In full and unchanged, set down the entries that follow, with no images.

====== DATA FOR ANALYSIS

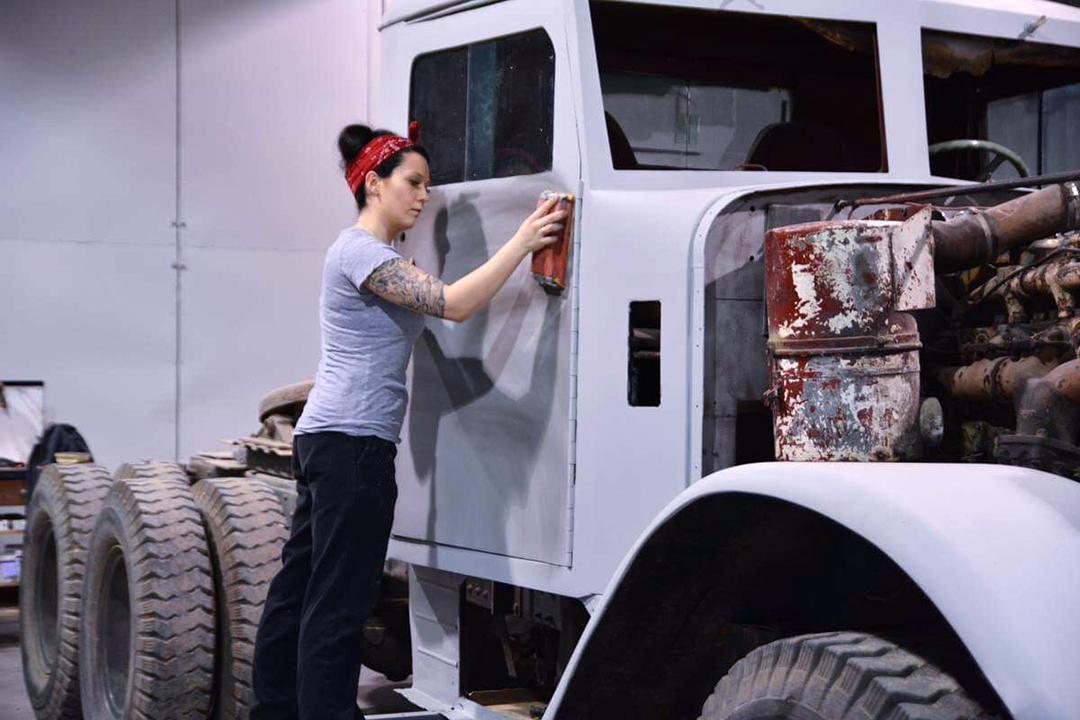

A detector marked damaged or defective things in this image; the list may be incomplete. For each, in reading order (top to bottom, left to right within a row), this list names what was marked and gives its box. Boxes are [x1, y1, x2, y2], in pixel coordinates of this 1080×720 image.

rusty metal tank [764, 208, 941, 462]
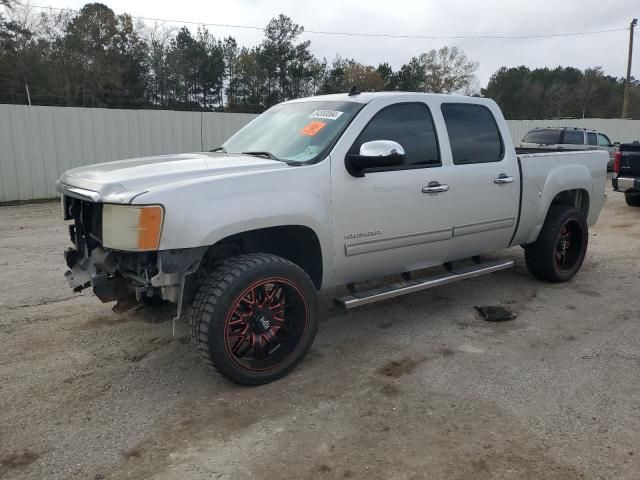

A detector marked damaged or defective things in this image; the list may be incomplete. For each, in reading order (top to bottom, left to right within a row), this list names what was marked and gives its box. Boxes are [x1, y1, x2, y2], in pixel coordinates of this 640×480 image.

damaged front end [61, 193, 204, 316]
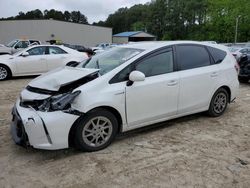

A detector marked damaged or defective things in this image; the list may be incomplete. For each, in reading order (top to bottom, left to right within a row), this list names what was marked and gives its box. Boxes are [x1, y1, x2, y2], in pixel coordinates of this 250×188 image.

detached bumper piece [10, 106, 29, 148]
front end damage [10, 67, 99, 150]
broken headlight [38, 90, 81, 111]
crumpled hood [28, 66, 99, 91]
damaged white car [10, 41, 239, 151]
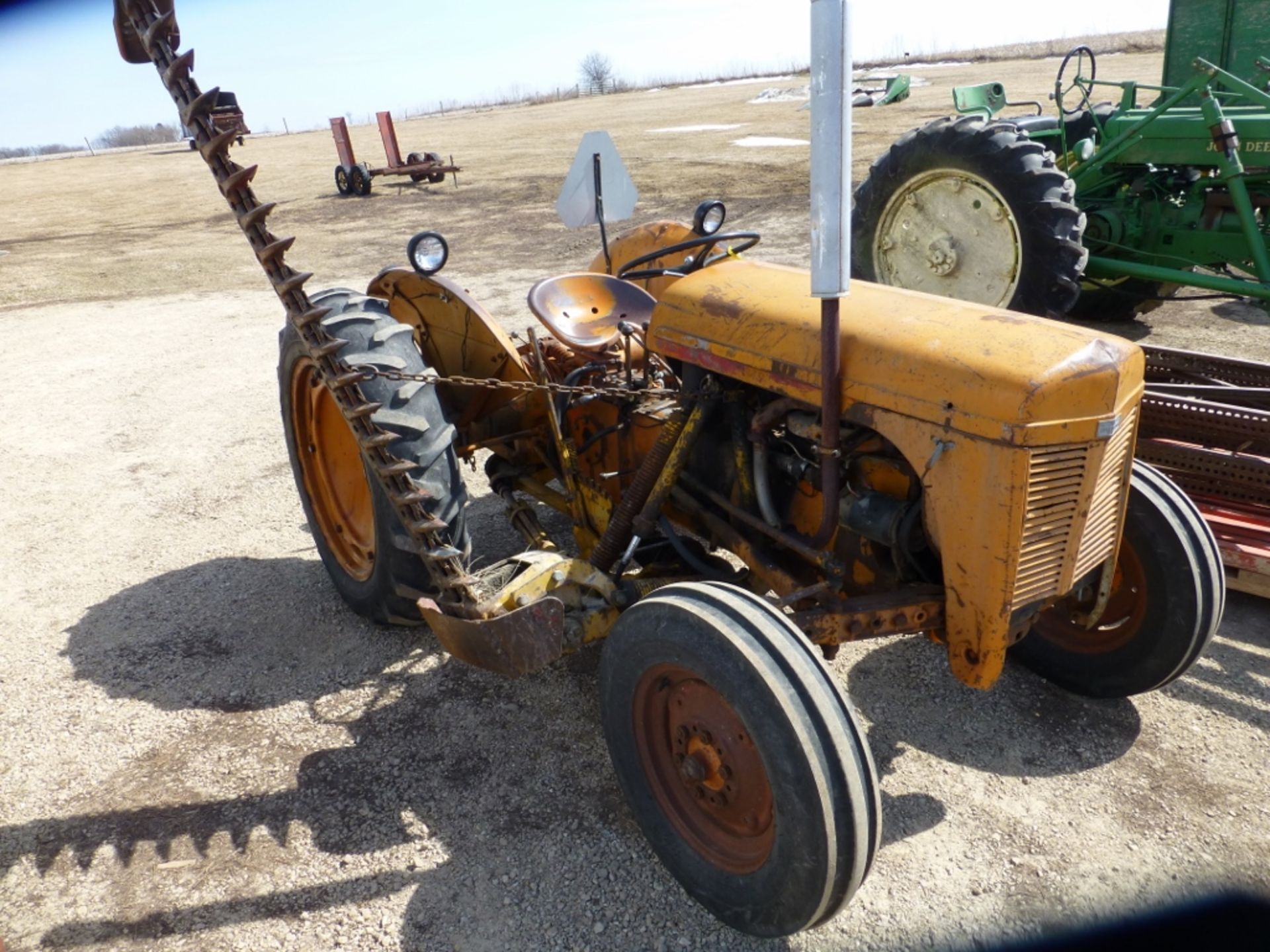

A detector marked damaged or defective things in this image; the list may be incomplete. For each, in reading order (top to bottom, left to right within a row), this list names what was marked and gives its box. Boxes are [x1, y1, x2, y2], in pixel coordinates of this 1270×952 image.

rust on metal [419, 596, 564, 680]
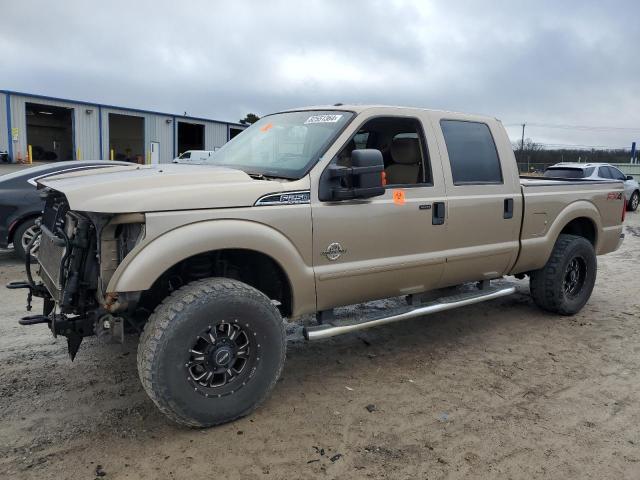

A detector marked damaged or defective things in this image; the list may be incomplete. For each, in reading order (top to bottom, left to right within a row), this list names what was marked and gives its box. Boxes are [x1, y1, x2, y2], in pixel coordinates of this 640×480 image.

damaged front end [7, 189, 145, 358]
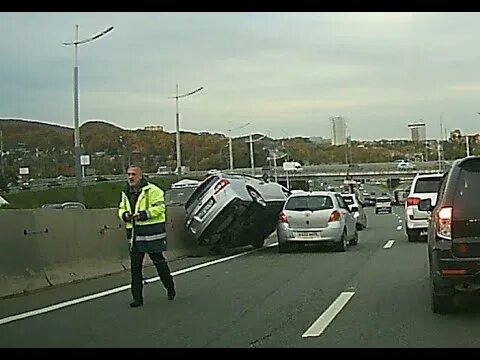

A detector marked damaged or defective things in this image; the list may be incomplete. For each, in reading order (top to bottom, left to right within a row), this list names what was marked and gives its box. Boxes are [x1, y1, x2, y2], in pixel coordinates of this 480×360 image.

overturned car [184, 174, 288, 253]
overturned car windshield [284, 195, 334, 212]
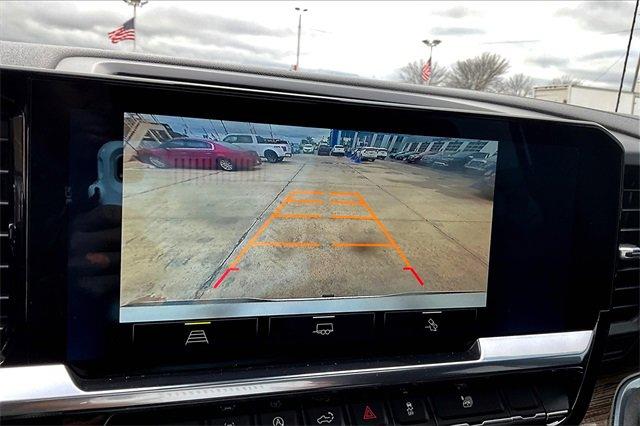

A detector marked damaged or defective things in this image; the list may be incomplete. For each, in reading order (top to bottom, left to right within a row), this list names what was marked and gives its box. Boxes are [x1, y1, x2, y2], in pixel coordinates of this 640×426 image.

concrete pavement crack [191, 163, 306, 300]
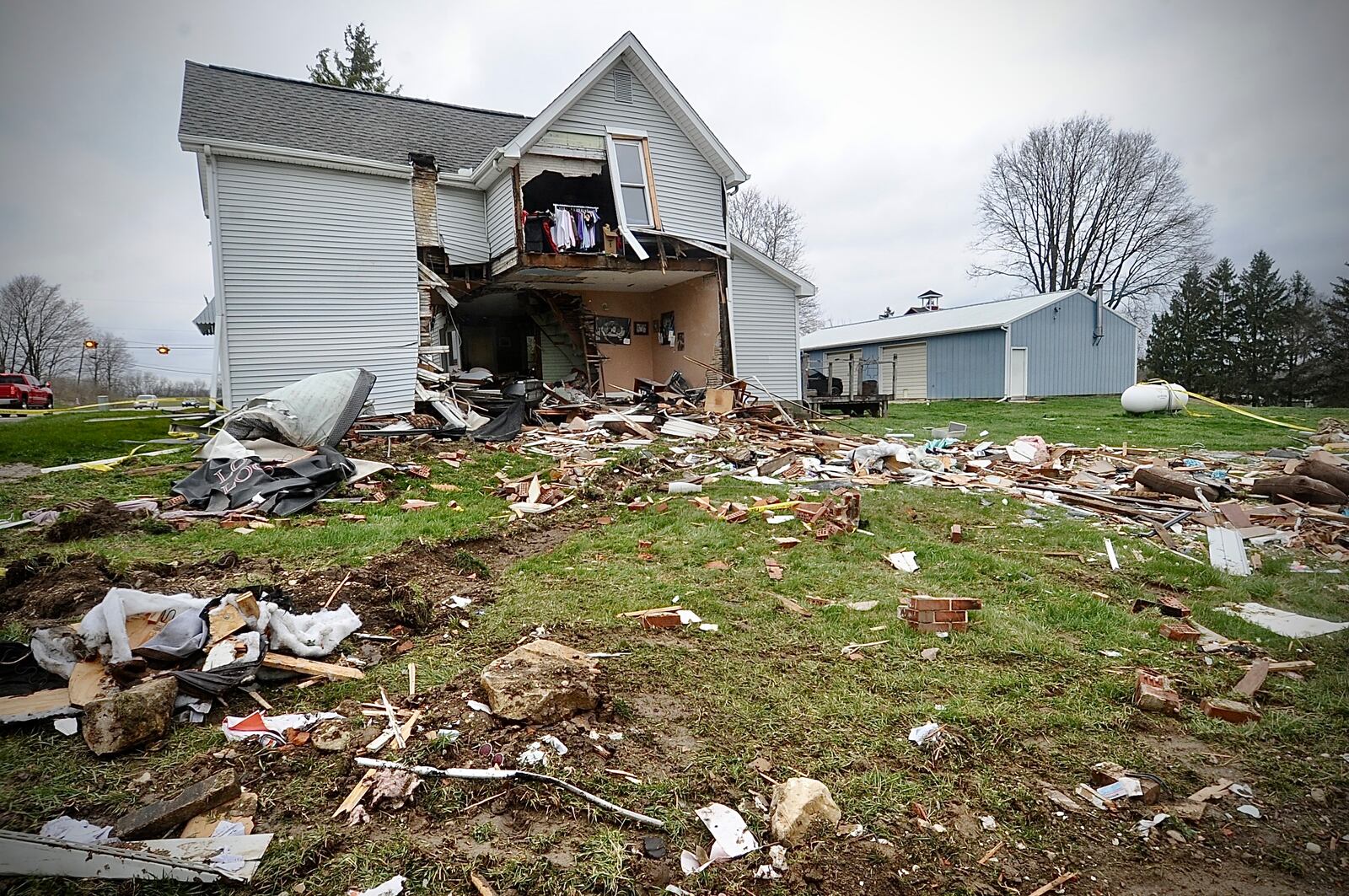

============

◆ OUTPUT BELOW:
A detector marked damaged or defective things in this image; the list may be incomplete. For each, in reading order (top to bottom, left to right within a row), this list names what was marked and gives its box. Boxes are [x1, y1, x2, y2], in pixel coordinates of this 1080×720 image.

rusty metal tank [764, 208, 941, 462]

A detector marked damaged or defective things in this image; the list may be incomplete. For each, in reading order (top to bottom, left to right within a row), this list names what was marked and gives its box. Boxes are [x1, y1, x2, y2], in pixel coordinates of this 640×480 image.

damaged front end [61, 193, 204, 316]

A detector marked damaged or defective things in this image; the list may be incomplete. For each, in reading order (top to bottom, left to right within a row), this list names what was marked and gives its box. Boxes are [x1, y1, x2, y2], in pixel coordinates of this 250×188 image.

detached bumper piece [10, 106, 29, 148]
front end damage [10, 67, 99, 150]
broken headlight [38, 90, 81, 111]
crumpled hood [28, 66, 99, 91]
damaged white car [10, 41, 239, 151]

A detector marked damaged or defective things in this image; the list may be incomplete. For each, in reading order (top to bottom, left to right within a row), this list names what was marked and gives its box. Boxes are [x1, y1, x2, y2], in pixel coordinates of this 1270×952 image.

rust on metal [419, 596, 564, 680]

A detector marked damaged or defective things in this image; the list may be incomplete. For each, in reading order (top to bottom, left to right within a row), this list names what was marked and gives its box. Boxes are [x1, y1, x2, y2], in pixel coordinates of this 640×480 image.

damaged front end [7, 189, 145, 358]

A detector marked damaged or defective things in this image; the list may be incomplete. For each, in reading order (top to bottom, left to right within a row), this list names what was marked and gives its box. Boxes are [x1, y1, x2, y2], in pixel coordinates of this 480×360 image.

overturned car [184, 174, 288, 253]
overturned car windshield [284, 195, 334, 212]

A detector marked damaged or defective things in this image; the list may be incomplete. For each, in reading order (top to bottom, left to right within a row), this list names what was marked and gives its box. Boxes are [x1, y1, x2, y2], in pixel coordinates of this 640×426 image.

concrete pavement crack [191, 163, 306, 300]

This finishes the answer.